▶ _Problem details_
Could you output, word for word, only the lines from the line with "An illustration from" to the end of the entries, including both ends? Omit the pictures.

Listed entries: Begin

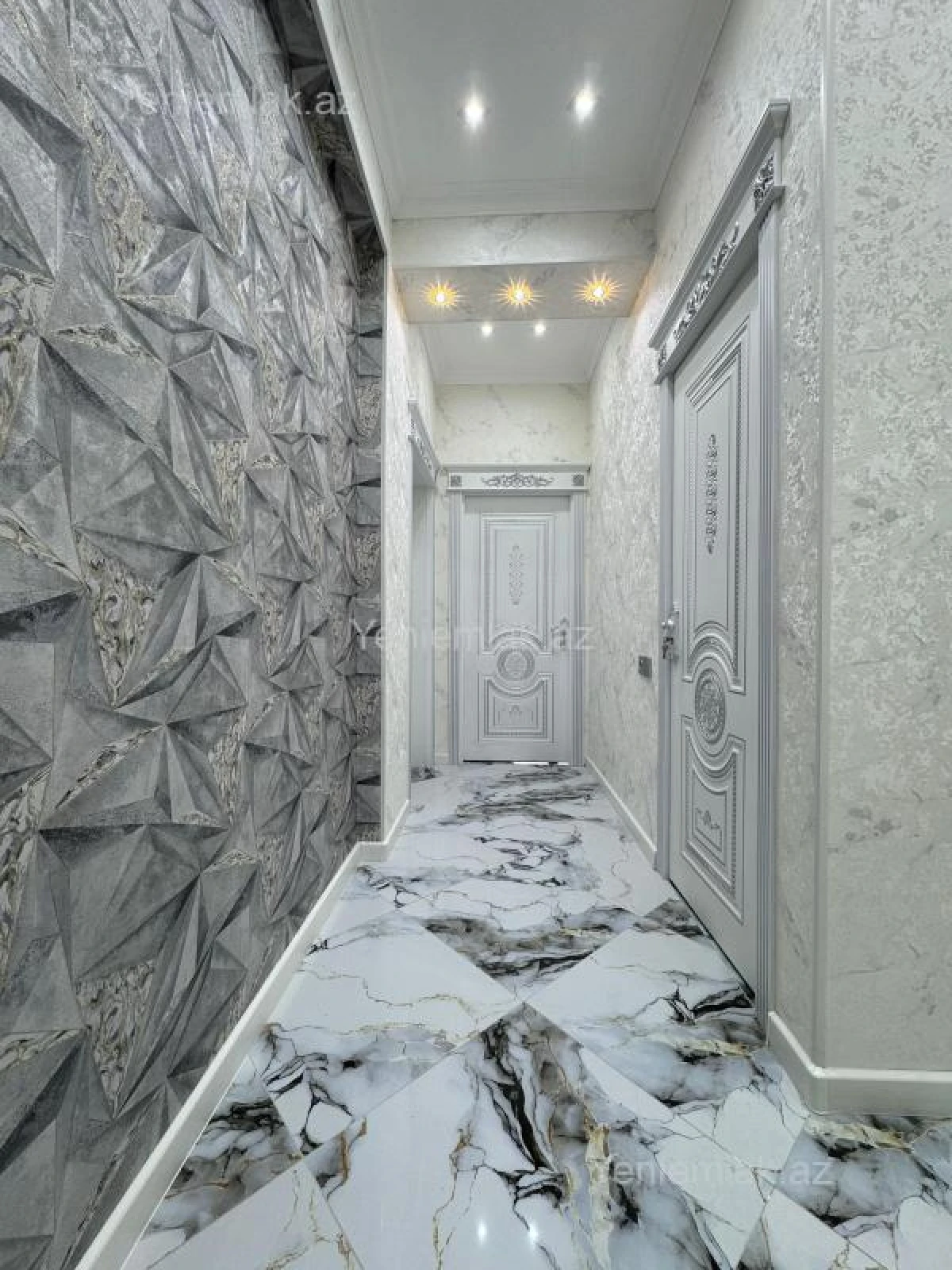 Satılır 2 otaqlı yeni tikili 52 m²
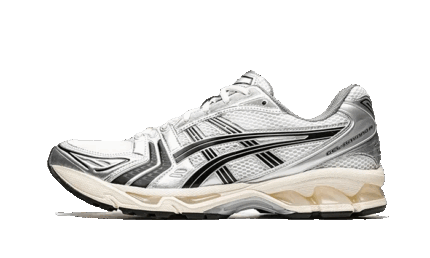 ASICS Gel-Kayano 14 JJJJound Silver Black authentique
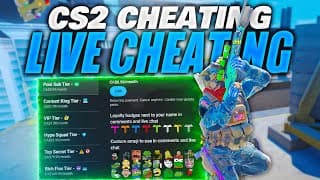 Cs2 Actually Patched Rage Cheaters? [431/500 Members]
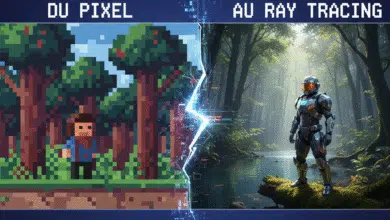 Du pixel au ray tracing
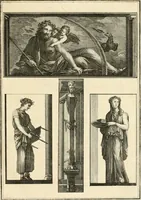 An illustration from Les antiquités d'Herculanum : avec leurs explications en françois (1780)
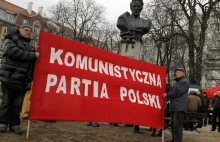 „Polacy, na złość Putinowi jedzcie arszenik" - Komunistyczna Partia Polski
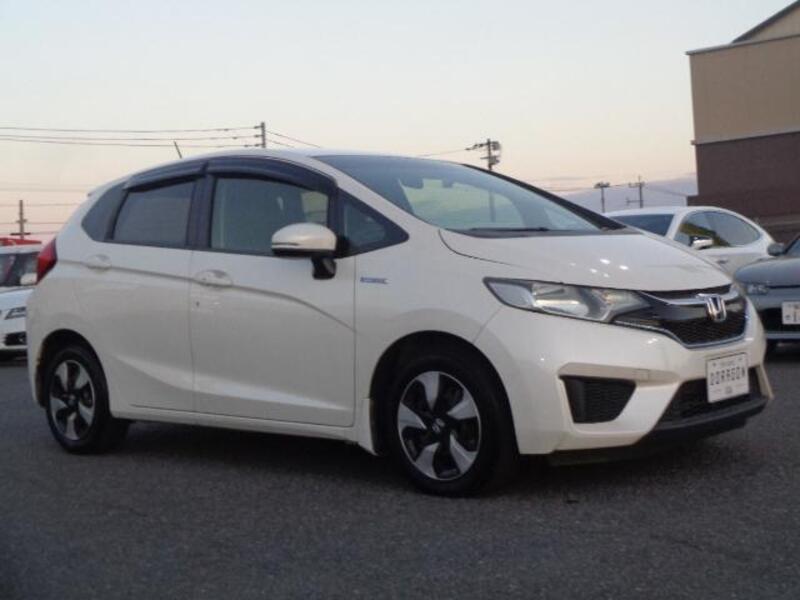 FIT HYBRID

Listed entries: End

▶ _The answer_
 An illustration from Les antiquités d'Herculanum : avec leurs explications en françois (1780)
 „Polacy, na złość Putinowi jedzcie arszenik" - Komunistyczna Partia Polski
 FIT HYBRID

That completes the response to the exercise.